A report from the NHS Alliance Specialists in Commissioning Network has warned that there is little clarity about levels of pay for specialist doctors on CCG boards.
It said the issue is likely to be 'complicated' because remunerating hospital trusts for specialist involvement on CCG boards could prove expensive.
CCGs are required to have a specialist on their board from outside their local area.
But the network warned that if specialists are offered the same rate of pay as nurses, lay members or GPs, trusts may not encourage senior specialists to take up the positions.

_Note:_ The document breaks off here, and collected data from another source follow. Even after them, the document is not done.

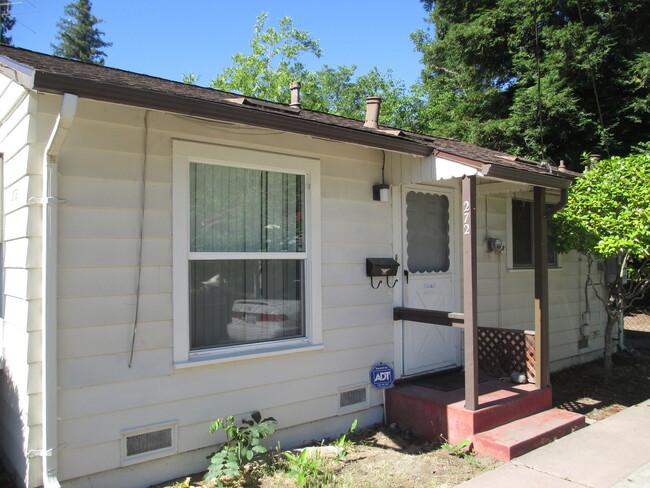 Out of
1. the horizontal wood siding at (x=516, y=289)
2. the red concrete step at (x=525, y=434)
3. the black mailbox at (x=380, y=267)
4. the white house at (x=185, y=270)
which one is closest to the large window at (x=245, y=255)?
the white house at (x=185, y=270)

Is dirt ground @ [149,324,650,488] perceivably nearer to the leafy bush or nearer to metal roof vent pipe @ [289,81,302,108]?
the leafy bush

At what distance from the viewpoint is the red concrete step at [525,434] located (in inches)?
160

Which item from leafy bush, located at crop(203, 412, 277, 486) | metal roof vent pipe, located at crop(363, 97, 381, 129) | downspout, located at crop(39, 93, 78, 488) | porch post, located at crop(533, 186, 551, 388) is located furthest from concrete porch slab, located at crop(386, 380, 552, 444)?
downspout, located at crop(39, 93, 78, 488)

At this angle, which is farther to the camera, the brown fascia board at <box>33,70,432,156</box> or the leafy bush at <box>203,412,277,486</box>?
the leafy bush at <box>203,412,277,486</box>

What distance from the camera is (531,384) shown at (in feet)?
17.0

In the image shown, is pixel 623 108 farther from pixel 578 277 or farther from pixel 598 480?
pixel 598 480

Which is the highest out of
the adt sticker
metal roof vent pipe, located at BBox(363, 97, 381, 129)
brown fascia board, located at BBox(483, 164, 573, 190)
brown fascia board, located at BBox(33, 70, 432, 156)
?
metal roof vent pipe, located at BBox(363, 97, 381, 129)

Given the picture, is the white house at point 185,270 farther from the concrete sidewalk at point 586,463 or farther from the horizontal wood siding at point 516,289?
the concrete sidewalk at point 586,463

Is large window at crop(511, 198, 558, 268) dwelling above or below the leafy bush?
above

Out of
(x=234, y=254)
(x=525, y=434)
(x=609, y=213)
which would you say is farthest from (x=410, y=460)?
(x=609, y=213)

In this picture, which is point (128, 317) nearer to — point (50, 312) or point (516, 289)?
point (50, 312)

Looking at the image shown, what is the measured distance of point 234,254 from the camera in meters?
4.11

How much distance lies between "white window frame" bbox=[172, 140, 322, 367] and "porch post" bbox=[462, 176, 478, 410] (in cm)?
130

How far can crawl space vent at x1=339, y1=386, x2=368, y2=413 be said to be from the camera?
4.68 metres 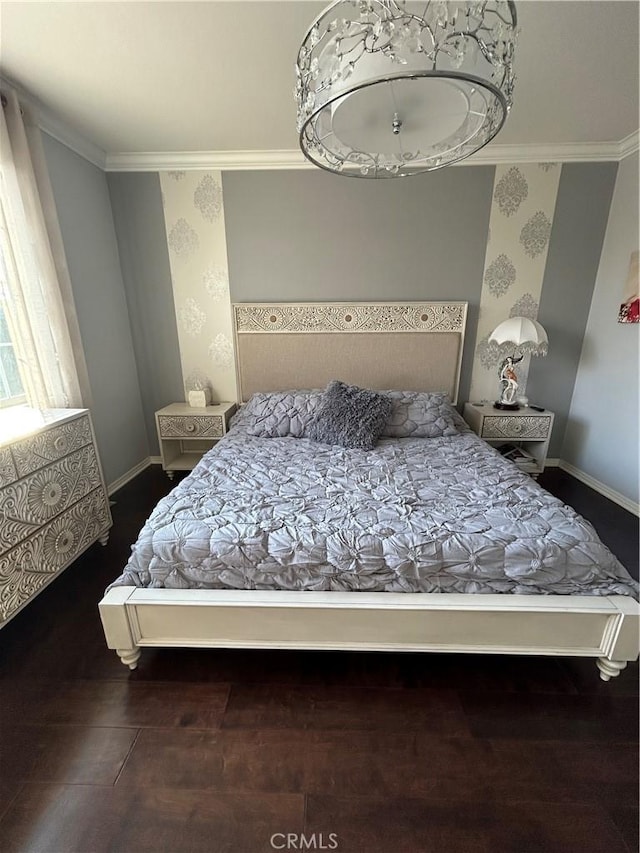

It also said early indications suggest specialists remain 'unconvinced' that their time would be best spent on CCG governance activity.
'Some specialists feel their knowledge and skills are better utilised by CCGs in discussions about commissioning for high quality local services, rather than trying to influence governance of CCGs outside their localities and clinical interactions,' the report said.
The network said the government must provide clarity on the purpose, role and responsibilities of specialists on CCG boards.
'If policy around inclusion of specialists in CCGs is not sensitively delivered or appears as unnecessary interference by GPs, it is unlikely to contribute to making the NHS reforms successful,' the report said.
GPC deputy chairman Dr Richard Vautrey agreed that clarity is needed on how specialists are to be paid. 'How specialists are remunerated depends on what we are asking them to do.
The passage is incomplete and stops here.